Emma Hill (middle) backstage at a Mulberry runway show with Kristen Stewart and Kate Moss (right).
Emma Hill (middle) backstage at a Mulberry runway show with Kristen Stewart and Kate Moss (right).
Image: Getty Images / Dave M. Benett
We may earn a commission from links on this page.

Creative director Emma Hill announced her resignation from UK handbag maker Mulberry today, sparking speculation that she could be hired by Coach. The US handbag and accessory brand is trying to broaden itself into a lifestyle line, pushing into fashion, jewelry and other luxury products.

Hill, who turned a stodgy British wallet and briefcase maker into a cult global label, seems like she’d have the gumption to do the same for Coach. (She resigned because of differences over “creative and operational strategy.”)

But there are reasons why she might not be the best choice. Coach—which has been hurt by competition from the likes of Michael Kors and Tory Burch—wants to sell shoes, coats, hats, jewelry and more. Yet, Hill’s strong point is handbags. Before Mulberry, she worked with companies that do more than bags like Burberry, Marc Jacobs, Gap and Marks & Spencer, but only spent short spells at each. 

Another challenge that Coach has is overexposure, or brand dilution. More than a third of Coach’s square footage is at its outlet locations. And it’s primarily known as an accessory and handbag company, not as a label worn by recognizable celebrities, models, or first ladies. In markets like China, Coach is seen as an accessible luxury brand. Hill’s cachet could help reverse some of that dilution, restoring Coach’s prestige as a middle tier luxury brand. Hill made Mulberry famous for chic, quirky designs worn by the celebrities like UK television presenter Alexa Chung and American singer Lana Del Rey. But if Coach wants to move into much higher-end luxury territory, Hill might not be the best choice. She introduced a wider variety of cheaper products at Mulberry to capture a younger, less affluent base of customers.

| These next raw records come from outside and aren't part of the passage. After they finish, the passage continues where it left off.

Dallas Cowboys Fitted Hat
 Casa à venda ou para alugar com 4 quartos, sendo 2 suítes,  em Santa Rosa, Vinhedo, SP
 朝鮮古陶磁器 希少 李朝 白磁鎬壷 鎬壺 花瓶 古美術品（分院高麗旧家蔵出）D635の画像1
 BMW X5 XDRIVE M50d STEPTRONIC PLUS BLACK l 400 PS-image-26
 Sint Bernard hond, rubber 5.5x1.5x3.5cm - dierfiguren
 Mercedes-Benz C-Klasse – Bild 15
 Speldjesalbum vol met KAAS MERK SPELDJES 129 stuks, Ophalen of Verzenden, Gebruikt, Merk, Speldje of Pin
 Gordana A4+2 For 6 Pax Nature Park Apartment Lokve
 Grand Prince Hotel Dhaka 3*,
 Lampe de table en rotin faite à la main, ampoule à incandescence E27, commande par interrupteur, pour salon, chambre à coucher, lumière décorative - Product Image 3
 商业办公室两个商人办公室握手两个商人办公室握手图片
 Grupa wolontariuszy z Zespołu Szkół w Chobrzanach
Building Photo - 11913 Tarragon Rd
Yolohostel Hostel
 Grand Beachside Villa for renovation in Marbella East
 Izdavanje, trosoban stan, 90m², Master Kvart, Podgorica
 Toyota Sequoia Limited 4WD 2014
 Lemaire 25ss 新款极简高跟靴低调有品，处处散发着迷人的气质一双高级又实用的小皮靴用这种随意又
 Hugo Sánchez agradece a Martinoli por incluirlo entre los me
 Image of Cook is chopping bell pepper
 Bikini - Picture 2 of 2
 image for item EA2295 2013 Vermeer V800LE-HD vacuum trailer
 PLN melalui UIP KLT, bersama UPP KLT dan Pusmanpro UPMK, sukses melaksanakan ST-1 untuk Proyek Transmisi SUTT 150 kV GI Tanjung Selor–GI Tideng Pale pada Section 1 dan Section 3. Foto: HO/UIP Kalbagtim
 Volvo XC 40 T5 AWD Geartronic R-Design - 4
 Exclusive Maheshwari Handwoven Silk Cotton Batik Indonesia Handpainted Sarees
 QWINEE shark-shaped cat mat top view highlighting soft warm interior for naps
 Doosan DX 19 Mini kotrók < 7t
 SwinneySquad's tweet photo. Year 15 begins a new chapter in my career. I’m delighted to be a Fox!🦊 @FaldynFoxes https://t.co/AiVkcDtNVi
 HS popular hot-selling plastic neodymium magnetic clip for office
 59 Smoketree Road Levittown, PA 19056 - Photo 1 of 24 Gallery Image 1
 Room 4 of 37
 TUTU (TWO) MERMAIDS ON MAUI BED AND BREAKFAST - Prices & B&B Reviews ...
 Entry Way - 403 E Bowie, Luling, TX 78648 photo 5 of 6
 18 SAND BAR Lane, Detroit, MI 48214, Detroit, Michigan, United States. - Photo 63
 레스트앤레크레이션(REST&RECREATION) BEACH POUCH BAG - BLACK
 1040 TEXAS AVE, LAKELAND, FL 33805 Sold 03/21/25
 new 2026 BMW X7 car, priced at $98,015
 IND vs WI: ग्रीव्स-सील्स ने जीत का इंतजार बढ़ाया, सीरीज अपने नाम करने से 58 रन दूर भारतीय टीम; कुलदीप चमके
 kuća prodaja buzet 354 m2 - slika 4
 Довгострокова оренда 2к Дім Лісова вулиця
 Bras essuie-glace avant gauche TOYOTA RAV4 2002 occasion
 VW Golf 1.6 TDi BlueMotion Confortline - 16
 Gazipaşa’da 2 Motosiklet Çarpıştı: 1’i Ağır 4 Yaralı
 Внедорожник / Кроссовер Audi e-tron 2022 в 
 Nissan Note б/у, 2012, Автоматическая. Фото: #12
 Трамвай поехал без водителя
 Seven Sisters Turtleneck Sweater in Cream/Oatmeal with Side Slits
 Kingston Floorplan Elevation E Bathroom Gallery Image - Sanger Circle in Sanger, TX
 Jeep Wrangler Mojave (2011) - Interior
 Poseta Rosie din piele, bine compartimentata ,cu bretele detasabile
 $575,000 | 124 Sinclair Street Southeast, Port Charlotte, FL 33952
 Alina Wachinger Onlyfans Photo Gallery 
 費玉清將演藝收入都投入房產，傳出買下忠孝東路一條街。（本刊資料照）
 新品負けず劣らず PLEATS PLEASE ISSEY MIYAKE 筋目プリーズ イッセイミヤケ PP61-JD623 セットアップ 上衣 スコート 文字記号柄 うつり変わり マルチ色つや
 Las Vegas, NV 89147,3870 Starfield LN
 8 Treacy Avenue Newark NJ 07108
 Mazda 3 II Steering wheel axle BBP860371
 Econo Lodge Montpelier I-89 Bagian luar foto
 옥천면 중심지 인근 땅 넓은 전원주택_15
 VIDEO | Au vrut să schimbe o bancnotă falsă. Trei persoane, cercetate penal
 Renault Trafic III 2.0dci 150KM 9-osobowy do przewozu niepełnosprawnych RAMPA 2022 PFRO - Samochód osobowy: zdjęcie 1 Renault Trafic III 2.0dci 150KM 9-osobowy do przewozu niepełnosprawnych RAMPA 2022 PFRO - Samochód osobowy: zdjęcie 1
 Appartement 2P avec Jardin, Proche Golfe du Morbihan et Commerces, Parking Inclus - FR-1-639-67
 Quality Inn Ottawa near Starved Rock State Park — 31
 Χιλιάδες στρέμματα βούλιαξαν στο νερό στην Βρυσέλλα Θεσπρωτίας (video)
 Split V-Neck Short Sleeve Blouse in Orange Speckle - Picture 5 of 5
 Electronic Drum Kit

One of the reasons Hill may have decided to leave Mulberry was disagreement with Mulberry’s decision to take the label upmarket, according to the Financial Times. Mulberry declined to comment on whether this was the case. It said in a statement today that Hill “wishes to leave after a very successful period at Mulberry.” (Coach did not respond to questions about the possibility it might try to bring Hill on board.)